Hopscotch™
Security & Compliance

Our Approach to Security & Compliance

Hopscotch is committed to providing high standards in security and compliance. By following best practices, we've provided built-in components to fulfill a range of platform security and data privacy obligations.

Secure By Design

We ensure that security is treated as a priority throughout the development of all technology and platforms. This includes incorporating security from the app code to server infrastructure. We prioritise the following areas:

Server Protection & Recovery

Our security coverage extends from apps, all the way up to dedicated or virtual environments where built-in controls mitigate attacks, and trusted guidelines are in place to disable high-risk access. For recovery, we provide on-site and off-site (encrypted-at-rest) backups for recovery.

Access & Hardening

Our technology is designed not only for user access, but account and level access too. This allows a tiered approach to access hardening and mitigates the exploitation of user system rights, the ability to modify other accounts’ data, and unauthorised executions on data or functions.

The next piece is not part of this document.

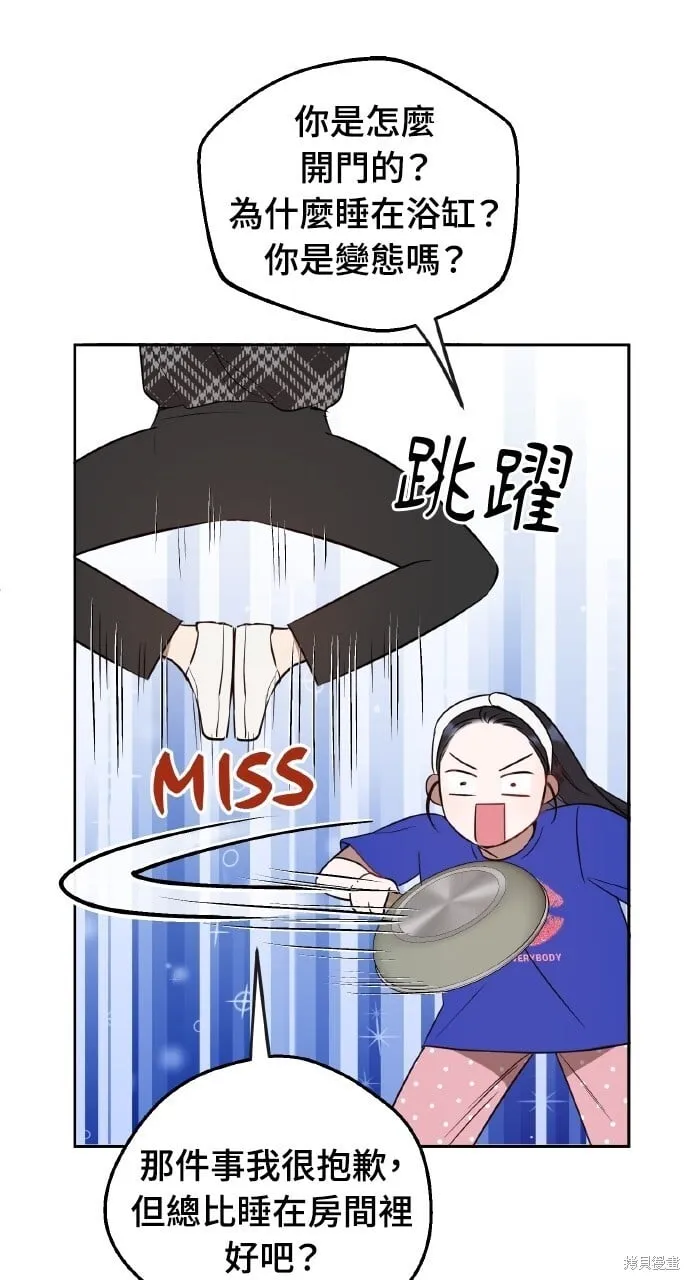 第29话 第11页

Attack Defenses & Monitoring

Built-in controls track and defend known attack patterns such as injections and brute force attempts, and monitor each attack with defense notifications, as well as block mechanisms so that securtiy teams are alerted early and can respond proactively.

Permission-Based Validation

Our technology has built-in controls to validate all appropriate functions, methods, data, and features before being allowed to execute or access. This can be a block of code, a row in the database, a physical directory, a physical file, or features.

Guided Standards

In addition to taking our own security approaches, we also refer to the OWASP Top 10 and ISO27001 for guidance on implementing new mitigation recommendations.

 

Privacy By Design

At Everyday, we’re dedicated to upholding the highest standards of privacy and data protection. That’s why we’ve implemented comprehensive controls that make it easy to comply with GDPR, POPPIA, and other relevant regulations.

GDPR Gold Standard

We are committed to protecting user privacy and providing secure products that are compliant with the Global Data Protection Regulation (GDPR). Our apps and Software-as-a-Service products follow the industry standard in terms of user privacy and consent. To make it even easier for customers to plug and play, we have integrated Terms and Conditions, Privacy Policies, and End-User License Agreements (EULA) into our products.

Apps built with Everyday technology take an explicit consent approach to collecting personal, location, and contact data; a privacy-first, trusted experience by default.

Data Transparency

We value data transparency and strive to provide our users and customers with the tools and information they need in order to achieve such transparency. Our comprehensive data flow solutions ensure that users and customers can trust the apps and services they interact with, creating a secure, reliable experience.

Right to Withdraw

We’ve built-in an easy-to-use withdraw feature that allows app users to request access to their data, data erasuyre, or for their account to be deleted quickly and effortlessly.